On the other hand, given any eigenvalue $\lambda\in K$ of a square $F$-matrix $A$, since $\lambda$ is a root of the characteristic polynomial of $A$, the minimal polynomial of $\lambda$ over $F$ divides the characteristic polynomial of $A$.

Suppose $\lambda,\mu$ are eigenvalues of $A,B$ respectively. We want to find respective matrices which have eigenvalue $k\lambda$ (where $k\in F$), $\lambda+\mu$, $\lambda \mu$, $\lambda^{-1}$. For $k\lambda$, we use $kA$. For $\lambda^{-1}$, we use $A^{-1}$. For $\lambda\mu$, we use $A\otimes B$. For $\lambda+\mu$, we use $A\otimes I+I\otimes B$. The $\otimes$ is the Kronecker product. I'll leave it to you to verify these actually give the correct eigenvalues.

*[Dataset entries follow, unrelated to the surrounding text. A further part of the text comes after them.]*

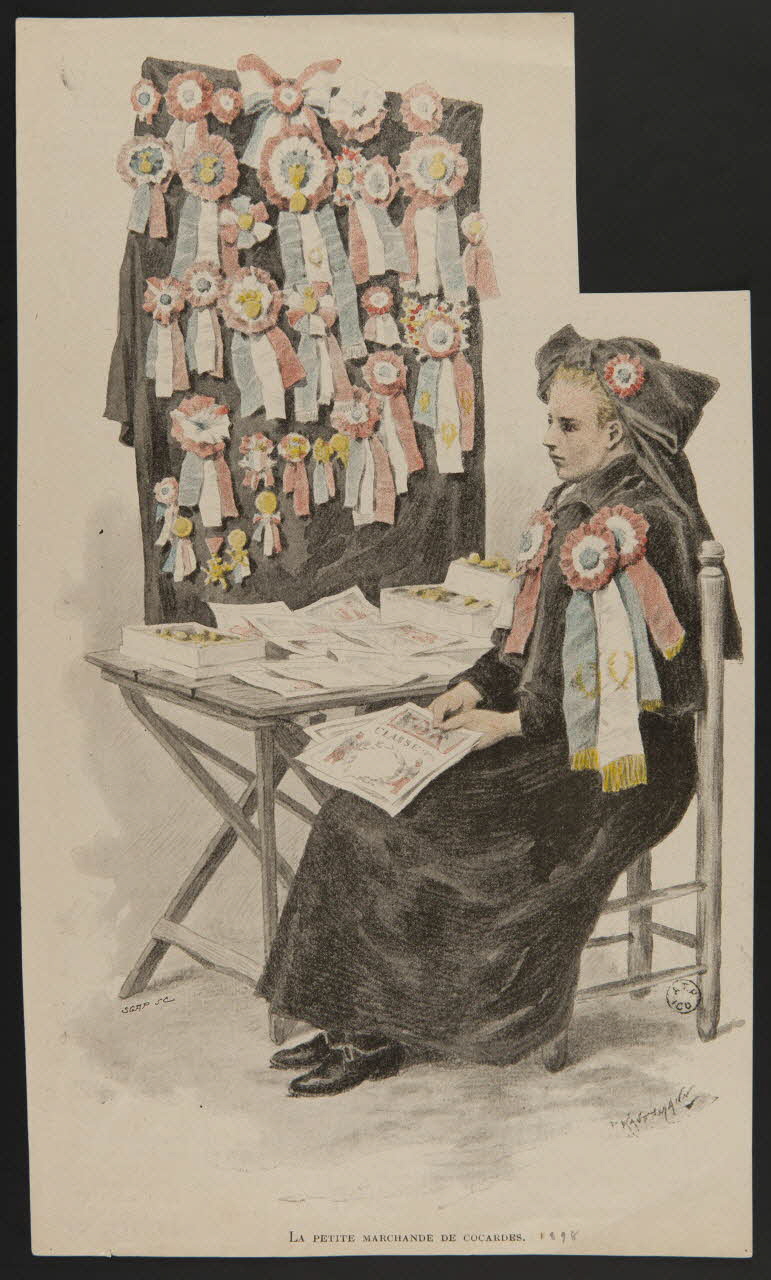 estampe LA PETITE MARCHANDE DE COCARDES. 1963.117.55 Photo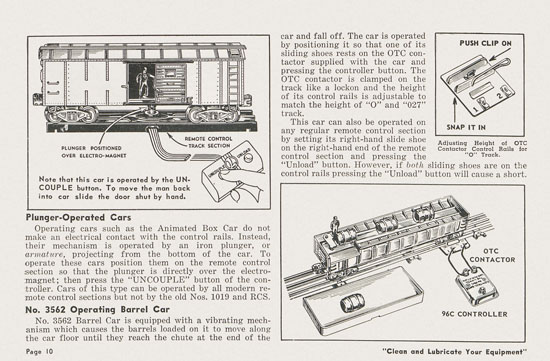 Lionel Instructions for Assembling and Operating 1955-1956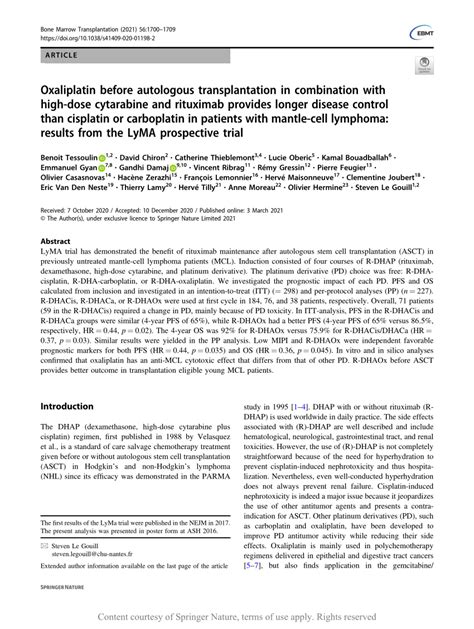 Cytarabine (high dose) +/- Rituximab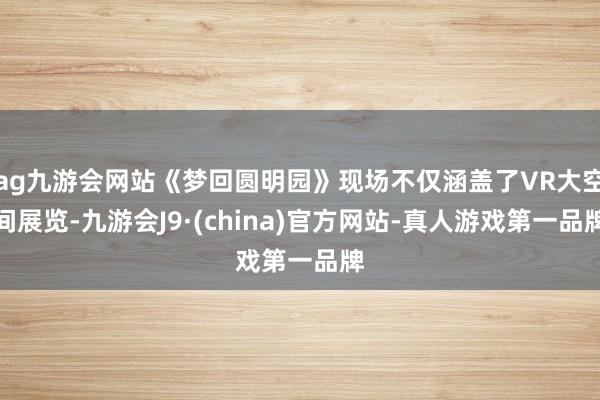 ag九游会网站《梦回圆明园》现场不仅涵盖了VR大空间展览-九游会J9·(china)官方网站-真人游戏第一品牌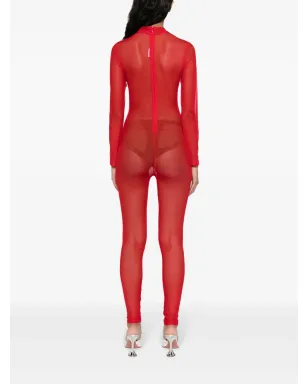 Alchemy x Liam Aram メッシュキャットスーツ - レッド - サムネイル4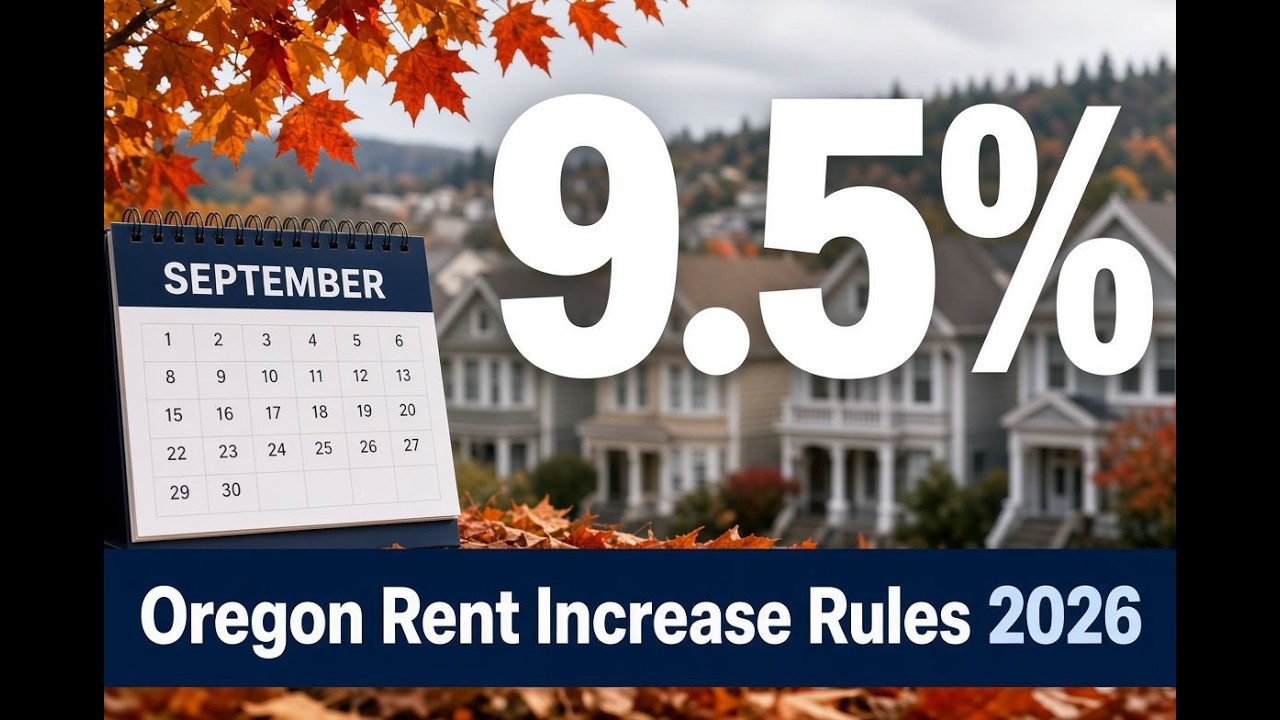 Fall Portland houses, September calendar, and 9.5% overlay for Oregon rent increase rules 2026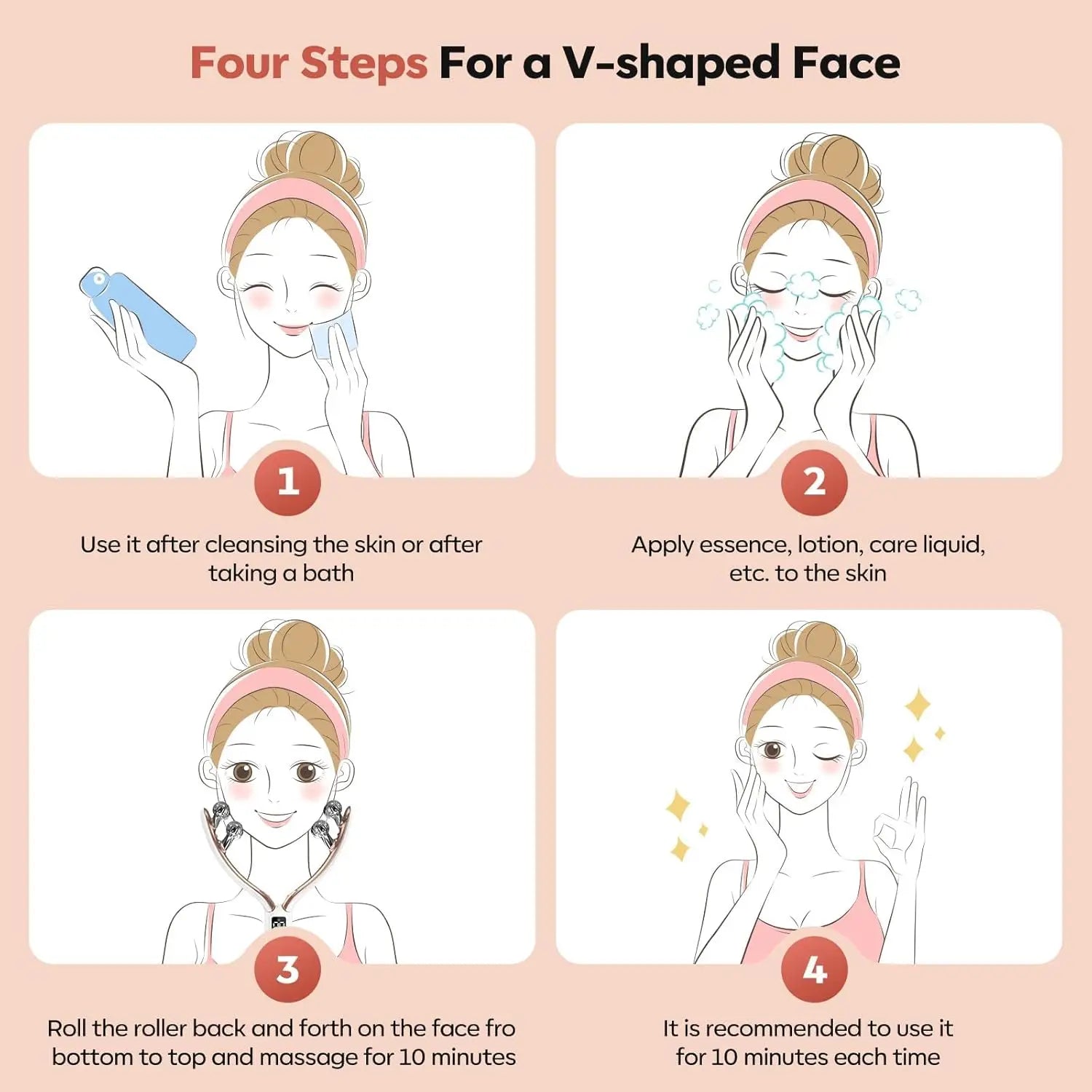 V-SHAPIA – MASAJEADOR LIFTING PARA ROSTRO Y CUELLO V-SHAPE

Now, we can devise a method to find the minimal polynomial of $\alpha+\beta$, $\alpha\beta$, and so on.

1. Find the companion matrix $A$ of the minimal polynomial (or any multiple of it) of $\alpha$, and that of $\beta$.
2. Find a matrix $M$ according to the rules in the previous paragraph, so that your desired expression is the eigenvalue of $M$.
3. Find the characteristic polynomial of $M$ and factorize it to find the irreducible factor which vanishes your desired expression, and that's the minimal polynomial desired.

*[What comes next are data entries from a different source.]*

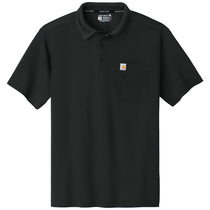 Carhartt Men's Black Force Snag-Resistant Pocket Polo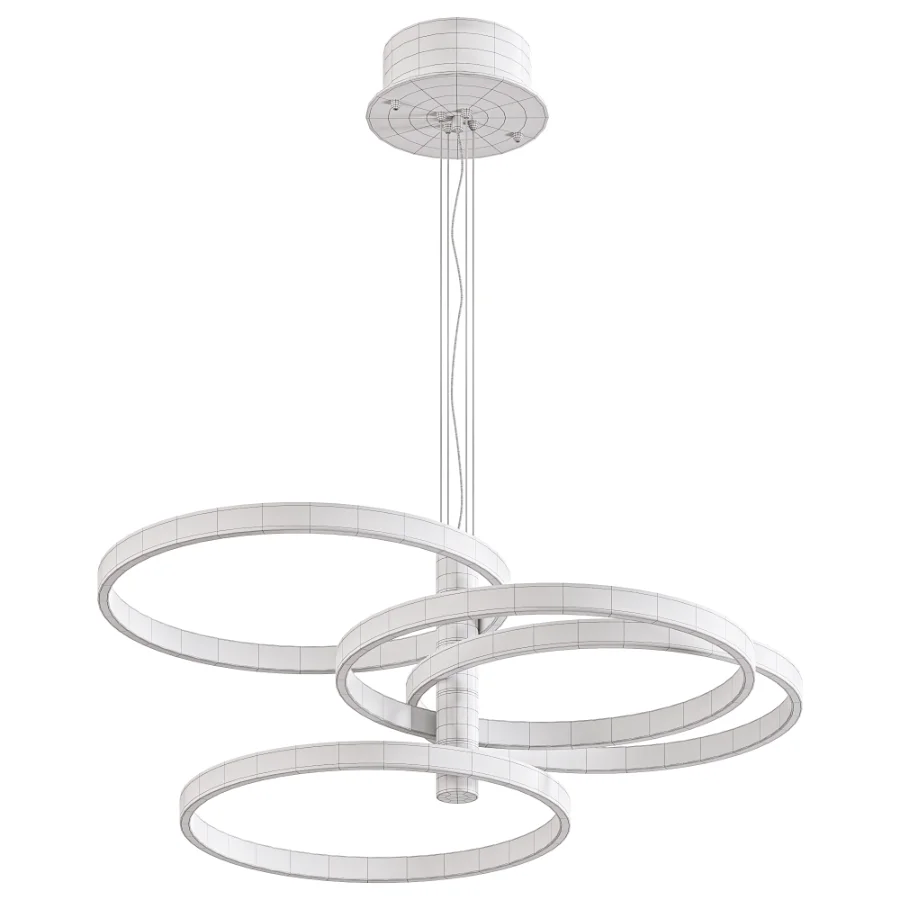 Hoopla Pendant Chandelier By Lightology Image 4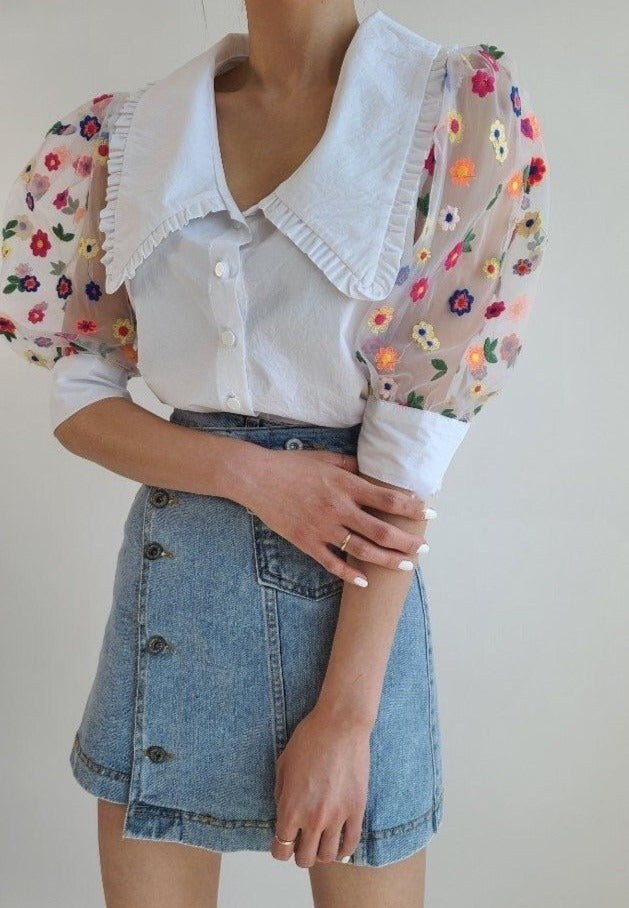 Daniela - Mesh-Bluse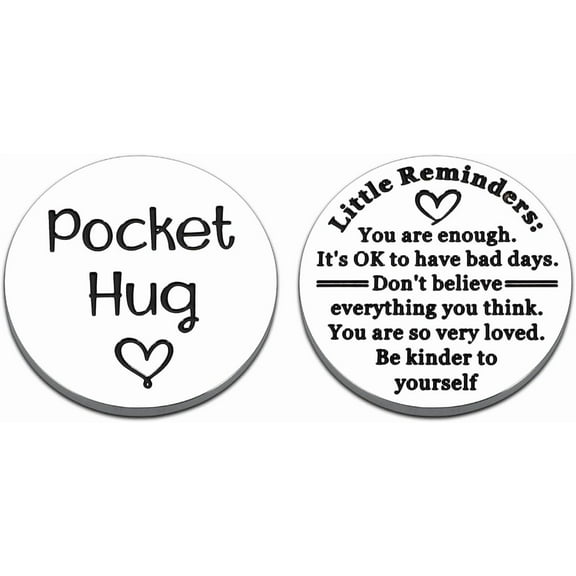 College Dorm Essentials for Guys, Stocking Stuffers for Teen 16-18, Little Reminder Pocket Hug Token for Kids, Middle High School Gifts for Son Daughter Birthday Christmas Gift Ideas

This is clearly impractical for elements with even slightly higher degree, but it's quite fun to see it work out. Let's try this out for $i+\sqrt{2}$. The minimal polynomial of $i$ is $x^2+1$, and the companion matrix is $$ A = \begin{bmatrix} 0 & -1 \\ 1 & 0 \end{bmatrix}. $$ The minimal polynomial of $\sqrt{2}$ is $x^2-2$ and the companion matrix is $$ B = \begin{bmatrix} 0 & 2 \\ 1 & 0 \end{bmatrix}. $$ We compute $$ M:=A\otimes I + I \otimes B = \begin{bmatrix} 0 & 2 & -1 & 0 \\ 1 & 0 & 0 & -1 \\ 1 & 0 & 0 & 2 \\ 0 & 1 & 1 & 0 \end{bmatrix}. $$ The characteristic polynomial of $M$ is $x^4-2x^2+9$, which is irreducible, so the minimal polynomial of $i+\sqrt{2}$ is $x^4-2x^2+9$.

In practice, you probably want to try to find some algebraic relation between $\alpha+\beta$ and their minimal polynomials, and try to work from there.